#### [Required work]
Down to the last line, transcribe the records verbatim and exclude the images.

#### [Records provided]
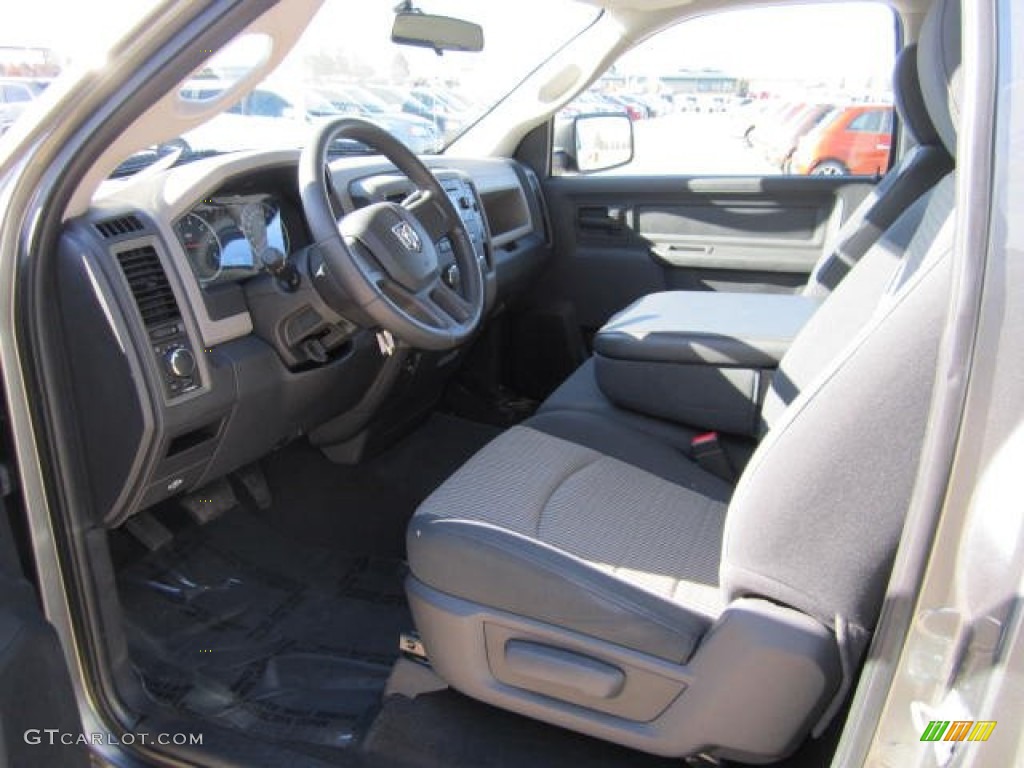 2010 Ram 1500 ST Regular Cab - Mineral Gray Metallic / Dark Slate/Medium Graystone photo #14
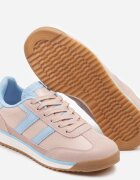 be.sport Adidași Roz-albastre Decorați cu dungi Eranelia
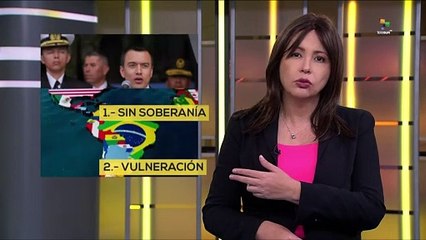 VECTOR 12-12-24: ECUADOR | APUESTA POR BASES MILITARES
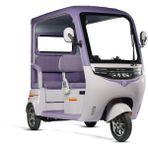 Motolüx Fx 24 Üç Tekerli Elektrikli Motosiklet Mor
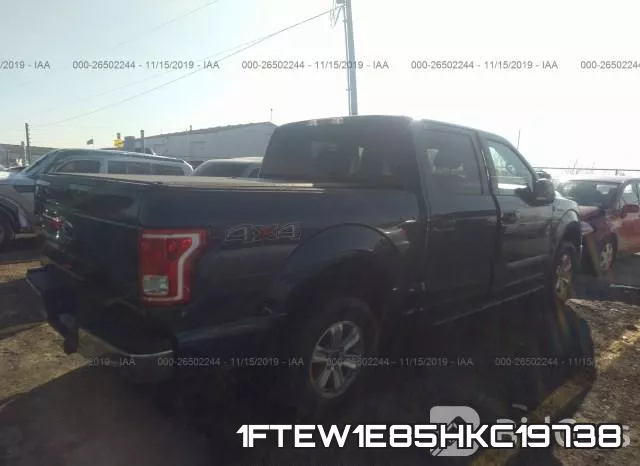 1FTEW1E85HKC19738 фото 4
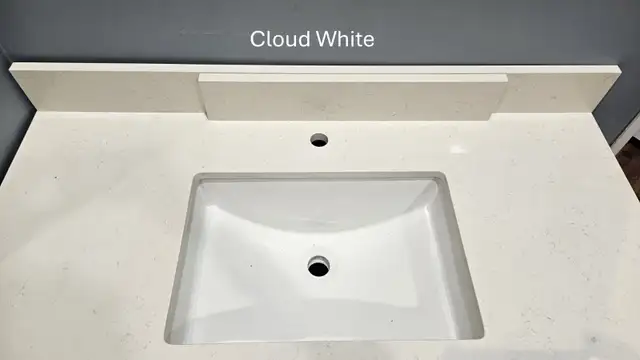 25'-72' Vanity Quartz Countertop Deals Starting at $150   HST - Photo 3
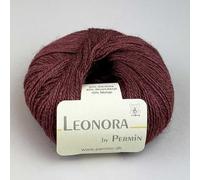 Leonora by Permin - Hilo de mohair de lana de seda (33 óxido)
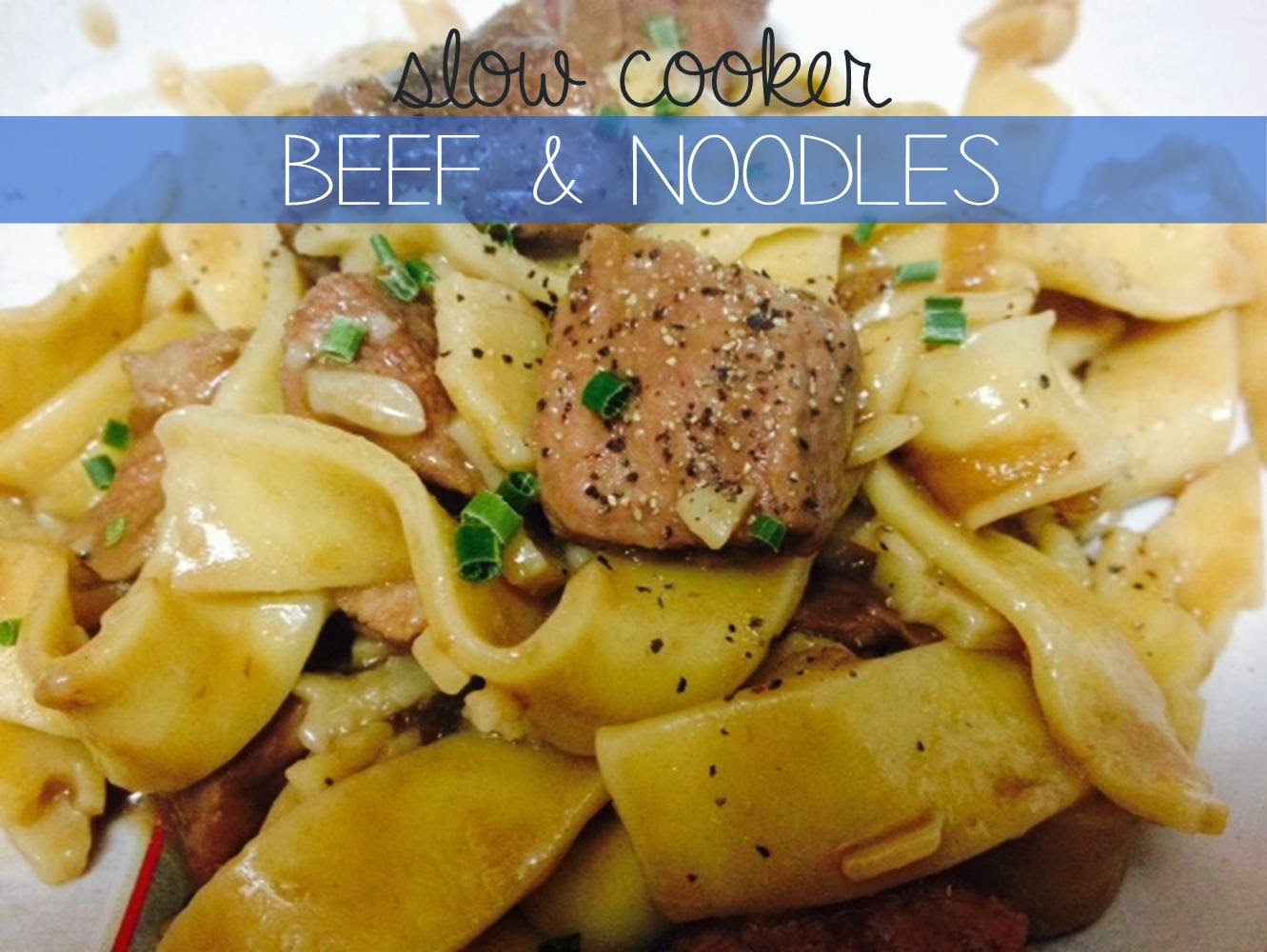 Two Magical Moms Slow Cooker Beef and Noodles
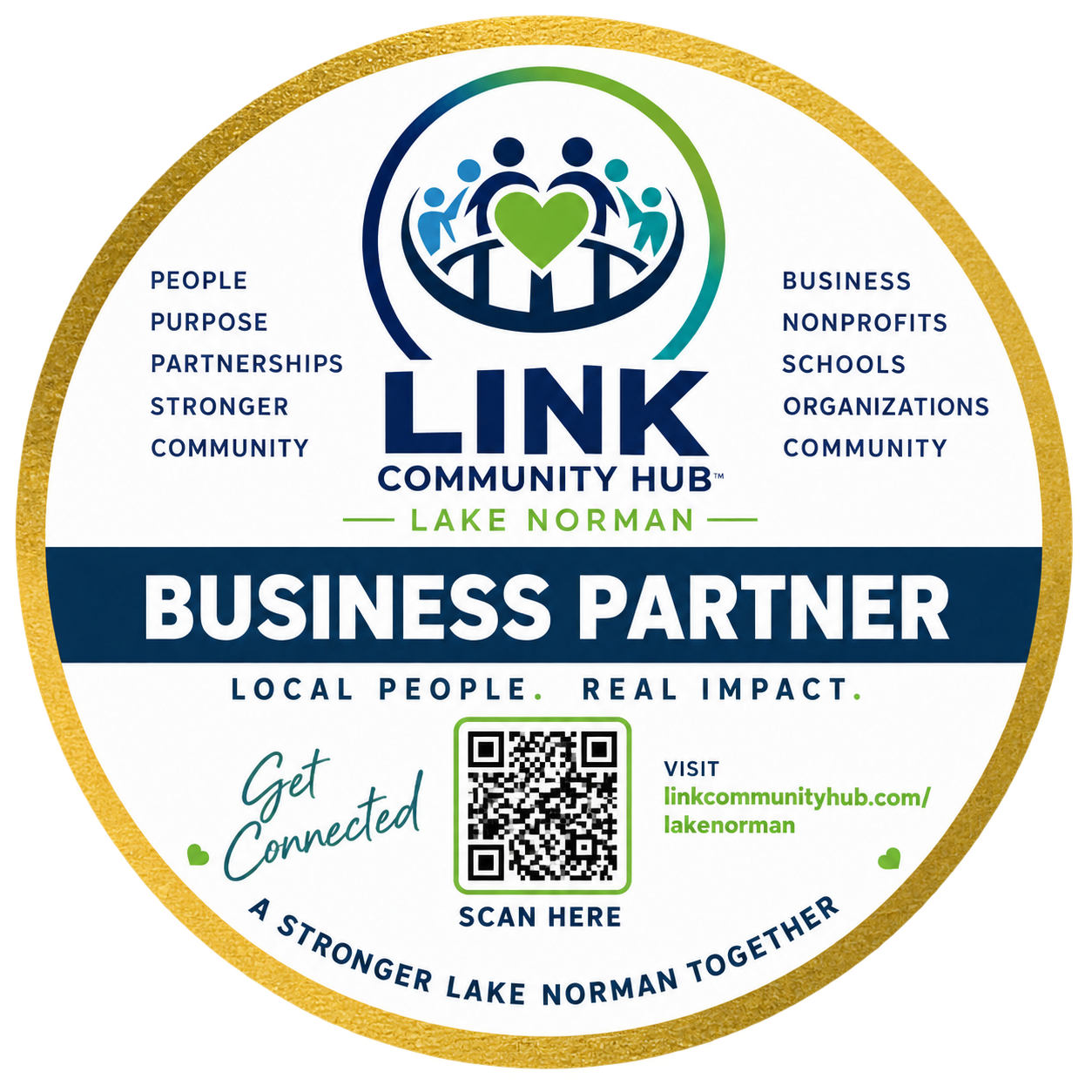 Business Partner badge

#### [Written response]
 2010 Ram 1500 ST Regular Cab - Mineral Gray Metallic / Dark Slate/Medium Graystone photo #14
 be.sport Adidași Roz-albastre Decorați cu dungi Eranelia
 VECTOR 12-12-24: ECUADOR | APUESTA POR BASES MILITARES
 Motolüx Fx 24 Üç Tekerli Elektrikli Motosiklet Mor
 1FTEW1E85HKC19738 фото 4
 25'-72' Vanity Quartz Countertop Deals Starting at $150   HST - Photo 3
 Leonora by Permin - Hilo de mohair de lana de seda (33 óxido)
 Two Magical Moms Slow Cooker Beef and Noodles
 Business Partner badge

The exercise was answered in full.